Friday 10 February 2012

Why Facebook is Fucking Shit! Pt.2

The second part. That's how shit Facebook really is. A moderately educated mong can write 2 separate pieces on why it's the worst place on Earth. Fred West's back garden? Facebook is worse. The Dead Marshes of Middle-Earth? A delightful place in comparison to Facebook. That part of your brain which visualizes your partner cheating on you with a friend, a recurring thought that you can't even dispose of with a mind-screwdriver? Much rather be spending my time there than on "Facey".

I am not above my own comments, I am not above my own ridicule. I can never over-state this point enough. In fact, by writing this off-the-cuff guff I am just highlighting my own shortcomings. Facebook is addictive. Barely 30 minutes goes by when I don't refresh my timeline, comment on someone's status, or post some pithy nonsense littered with swearwords because, you know, I'm fucking mint and that. Let me remind you, "The idiots are everywhere...and I'm the worst one". Facebook is indeed addictive, but so is crack. How long before our thoughts are "Well, updated the shit out of that status. Time to hit the pipe".

Check Ins

Beautiful. If you check in from a made up place. Like the time I "checked in" at "Yer Ma's Knicker Basket". It doesn't exist, and if it does I've never been there. I know for certain it's not on the street in Sunderland where I placed it's location. Reading that Billy Pissface checked in at Nando's is not beautiful. It's dull. More dull than people who quote Frankie Boyle, daft cunts. Create somewhere, somewhere that doesn't exist anywhere but your own imagination, and check in. It'll be fun, I promise.
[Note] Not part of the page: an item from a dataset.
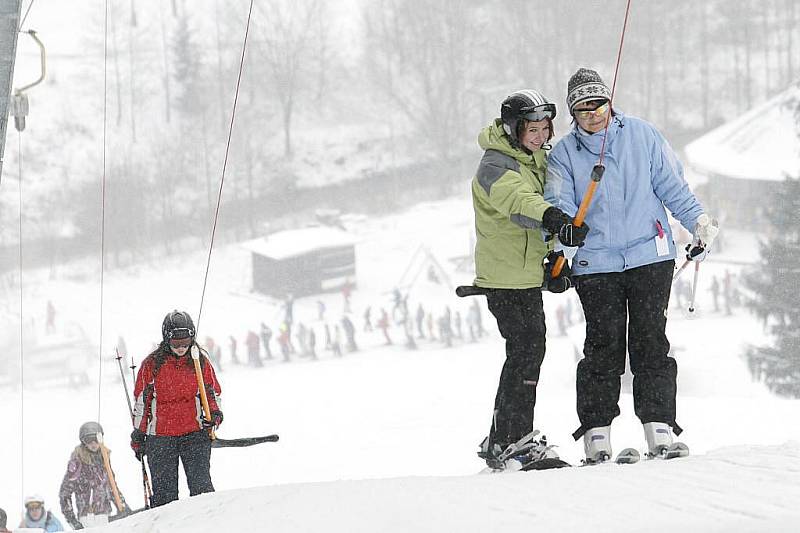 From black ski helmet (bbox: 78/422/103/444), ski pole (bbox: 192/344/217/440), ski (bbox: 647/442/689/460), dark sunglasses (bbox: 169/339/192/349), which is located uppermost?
dark sunglasses (bbox: 169/339/192/349)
There's also something sinister about knowing where people are all the time. In 5 years time TV will be non-existent. We shall simply be following each other around, chasing to points where people check in and watching them eat chicken. You see, we all lost our jobs because we became obsessed with where people were all of the time, and now chicken is unattainable. We watch you eat chicken. And you like it.

Work Friends

Continuing with another version of sinister spying. People have lost jobs because of Facebook. Not just the stupid bastards who decided to complain about how shit their job is, while knowing their boss can see it. They deserve it, kind of. Your future employers have people trained to look at your social media output to see if you are a suitable candidate for a given position. All them photos of you downing shots of Jager, vomiting on a priest's shoes, eating a live deer? Yep, that's why you didn't get that promotion. Would it have happened before Facebook? Of course not. You could've wiped that deer blood from the side of your mouth seconds before a job interview and nobody would be any wiser. Except for the receptionist who had to remove a deer carcass from the lobby. She wouldn't say anything though, you could just eat her when successfully in your new post.

Notifications After "Liking" or Posting a Comment

You have 15 new notifications! My Christ! At long last popularity has been charitable in my favour! No, wait, 15 schleps have commented on a status I commented on earlier. Someone posts a semi-interesting or amusing status update, you comment or "like" it. In a matter of minutes a colossal barrage of idiots will appear on your newsfeed. Your comment could've been a work of brilliance, but now you have to weather the pain of other peoples mind-crushingly poor attempts at humour, intelligence, spelling and grammar. And for fucks sake do not leave a comment on a good-looking girl's status because every meat-head, computer-perv, and friend-zoned effort will be hitting your notification bar like it's going out of fashion. Oh for the love of Sauron and all his minions, please let it go out of fashion.

"Friends"

Lets be friends. Be honest, how many people have you contacted recently on your Facebook friends list? I bet less than 10. I'm never wrong. Ever avoided someone in a supermarket, or a bookshop, or an abattoir and then realised they are actually your "friend" on Facebook? I have people on my friends list, no fucking clue of how they got there. Did they sneak on while I was sleeping, or distracted by a large pie? The only legitimate reasons for adding someone on Facebook are:

1. You know them, you have a quality rapport and wish to explore this further.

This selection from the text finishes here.